Modifying chat.cpp to implement a ChatGPT-like conversational context memory

antimatter15 / alpaca.cpp

Locally run an Instruction-Tuned Chat-Style LLM

MIT License

10.25k stars 907 forks source link

Modifying chat.cpp to implement a ChatGPT-like conversational context memory #173

Open MalekWahidi opened 1 year ago

MalekWahidi commented 1 year ago

Is there any trivial way in which the code in chat.cpp could be tweaked to prepend each submitted prompt with the most recent couple of answers and prompts perhaps (or will this make the input sequence too large for the model?) so that alpaca could have some contextual understanding about the previous interactions within this conversation and reply accordingly as in ChatGPT. I would have liked to try it myself but I don't have enough expertise in C++ to attempt this. Any ideas or references?
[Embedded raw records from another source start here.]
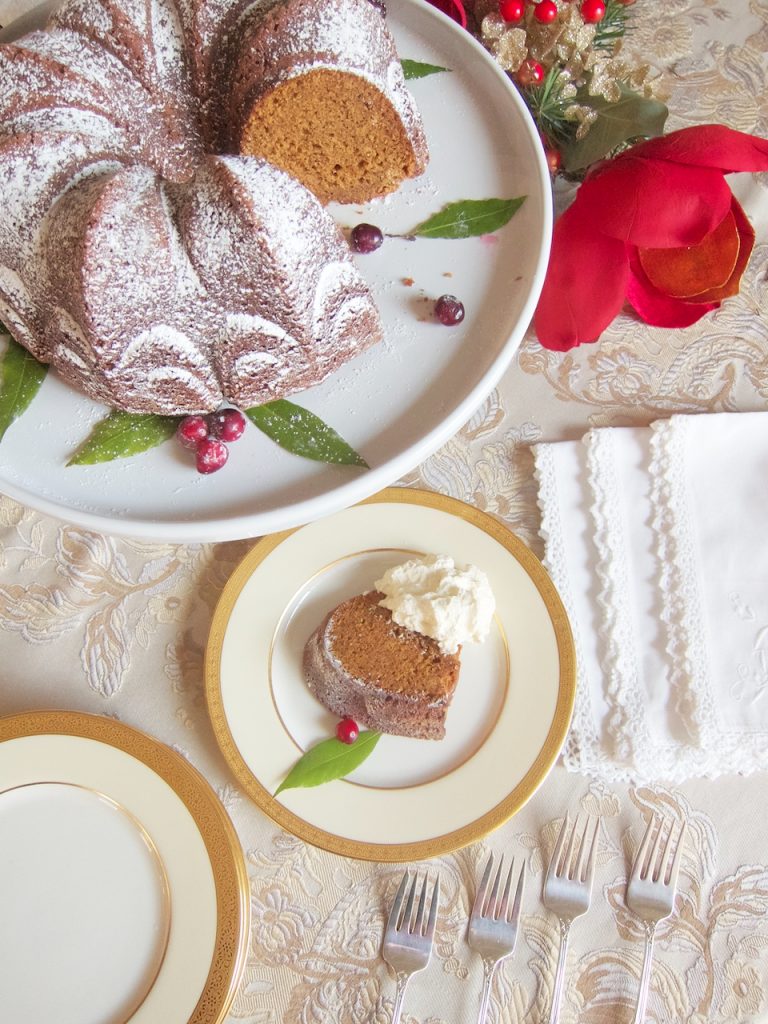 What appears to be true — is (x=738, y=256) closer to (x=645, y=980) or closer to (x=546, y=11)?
(x=546, y=11)

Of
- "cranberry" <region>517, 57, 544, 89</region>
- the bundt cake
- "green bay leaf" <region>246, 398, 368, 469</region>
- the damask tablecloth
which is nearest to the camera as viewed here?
the bundt cake

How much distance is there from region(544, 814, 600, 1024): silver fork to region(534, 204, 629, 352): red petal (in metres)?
0.64

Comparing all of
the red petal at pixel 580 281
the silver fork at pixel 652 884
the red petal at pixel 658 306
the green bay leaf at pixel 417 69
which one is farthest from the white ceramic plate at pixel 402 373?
the silver fork at pixel 652 884

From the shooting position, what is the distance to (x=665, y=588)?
113 centimetres

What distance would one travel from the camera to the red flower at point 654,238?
969 millimetres

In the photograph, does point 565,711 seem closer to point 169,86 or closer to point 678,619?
point 678,619

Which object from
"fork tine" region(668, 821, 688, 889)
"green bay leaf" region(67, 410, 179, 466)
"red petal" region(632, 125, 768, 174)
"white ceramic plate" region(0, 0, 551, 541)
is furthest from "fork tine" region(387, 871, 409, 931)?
"red petal" region(632, 125, 768, 174)

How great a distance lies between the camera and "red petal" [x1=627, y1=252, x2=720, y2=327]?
3.70 feet

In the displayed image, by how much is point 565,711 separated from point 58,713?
0.59 m

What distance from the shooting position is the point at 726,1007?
3.29ft

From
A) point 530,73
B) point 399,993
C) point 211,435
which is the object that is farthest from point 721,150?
point 399,993

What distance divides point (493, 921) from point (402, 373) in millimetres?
656

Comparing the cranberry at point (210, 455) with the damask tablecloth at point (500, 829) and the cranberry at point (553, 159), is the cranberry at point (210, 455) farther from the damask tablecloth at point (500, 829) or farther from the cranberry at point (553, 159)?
the cranberry at point (553, 159)

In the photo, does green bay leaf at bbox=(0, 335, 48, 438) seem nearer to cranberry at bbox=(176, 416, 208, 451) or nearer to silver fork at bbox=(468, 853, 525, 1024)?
cranberry at bbox=(176, 416, 208, 451) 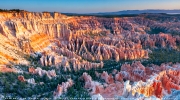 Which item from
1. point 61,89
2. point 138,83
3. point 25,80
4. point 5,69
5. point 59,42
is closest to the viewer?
point 138,83

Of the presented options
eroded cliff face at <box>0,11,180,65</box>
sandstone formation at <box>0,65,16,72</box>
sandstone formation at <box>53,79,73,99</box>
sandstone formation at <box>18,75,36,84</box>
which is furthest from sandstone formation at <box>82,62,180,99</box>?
eroded cliff face at <box>0,11,180,65</box>

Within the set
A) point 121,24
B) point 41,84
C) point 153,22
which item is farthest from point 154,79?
point 153,22

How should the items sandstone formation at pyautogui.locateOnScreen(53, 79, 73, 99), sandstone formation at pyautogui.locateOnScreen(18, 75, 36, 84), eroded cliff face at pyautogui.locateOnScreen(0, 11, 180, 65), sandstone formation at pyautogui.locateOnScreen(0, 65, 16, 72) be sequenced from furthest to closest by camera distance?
eroded cliff face at pyautogui.locateOnScreen(0, 11, 180, 65) → sandstone formation at pyautogui.locateOnScreen(0, 65, 16, 72) → sandstone formation at pyautogui.locateOnScreen(18, 75, 36, 84) → sandstone formation at pyautogui.locateOnScreen(53, 79, 73, 99)

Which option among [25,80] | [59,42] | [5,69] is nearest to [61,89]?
[25,80]

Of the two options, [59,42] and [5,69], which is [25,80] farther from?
[59,42]

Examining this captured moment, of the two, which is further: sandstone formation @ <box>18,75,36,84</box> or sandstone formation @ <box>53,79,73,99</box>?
sandstone formation @ <box>18,75,36,84</box>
SamuelTallet commented 1 year ago

If needed, I posted in this related issue a prompt template that handles the conversational context. And about C++, I can't help unfortunately.
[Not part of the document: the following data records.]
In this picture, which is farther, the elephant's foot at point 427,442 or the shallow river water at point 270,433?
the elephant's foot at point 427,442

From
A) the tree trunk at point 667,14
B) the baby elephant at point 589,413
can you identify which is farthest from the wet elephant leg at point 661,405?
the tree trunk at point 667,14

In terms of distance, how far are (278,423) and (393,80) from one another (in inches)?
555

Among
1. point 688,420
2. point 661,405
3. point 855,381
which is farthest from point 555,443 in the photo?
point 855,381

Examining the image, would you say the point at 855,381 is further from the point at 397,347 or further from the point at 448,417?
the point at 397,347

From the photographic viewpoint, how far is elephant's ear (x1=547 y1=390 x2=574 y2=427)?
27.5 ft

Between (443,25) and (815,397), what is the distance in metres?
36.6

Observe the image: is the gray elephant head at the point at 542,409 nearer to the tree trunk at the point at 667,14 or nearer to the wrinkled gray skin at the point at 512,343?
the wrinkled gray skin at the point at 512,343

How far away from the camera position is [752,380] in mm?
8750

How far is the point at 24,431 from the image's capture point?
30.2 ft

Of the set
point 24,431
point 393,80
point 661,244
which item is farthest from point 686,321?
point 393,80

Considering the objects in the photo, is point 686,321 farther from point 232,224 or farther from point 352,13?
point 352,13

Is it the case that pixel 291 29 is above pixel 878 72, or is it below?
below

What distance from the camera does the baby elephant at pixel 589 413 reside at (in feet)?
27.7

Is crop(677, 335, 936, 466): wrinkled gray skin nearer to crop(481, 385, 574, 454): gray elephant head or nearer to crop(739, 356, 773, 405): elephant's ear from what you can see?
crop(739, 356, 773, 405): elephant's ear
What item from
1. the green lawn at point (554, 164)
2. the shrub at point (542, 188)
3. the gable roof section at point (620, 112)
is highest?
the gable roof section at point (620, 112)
betolley commented 1 year ago

I cant tell. Are you saying something needs to be written in the chat.exe app to do the context? I didn't know if you were brainstorming or this was something already implemented?

Terristen commented 1 year ago

I'm confused by the original request. Are you saying it needs prior context? If so, I'm shocked, because I've been carrying on contiguous conversations in 30B with no issue wrt conversation context. Is it chatgpt level? Nope. But it's not missing.

MalekWahidi commented 1 year ago

I'm confused by the original request. Are you saying it needs prior context? If so, I'm shocked, because I've been carrying on contiguous conversations in 30B with no issue wrt conversation context. Is it chatgpt level? Nope. But it's not missing.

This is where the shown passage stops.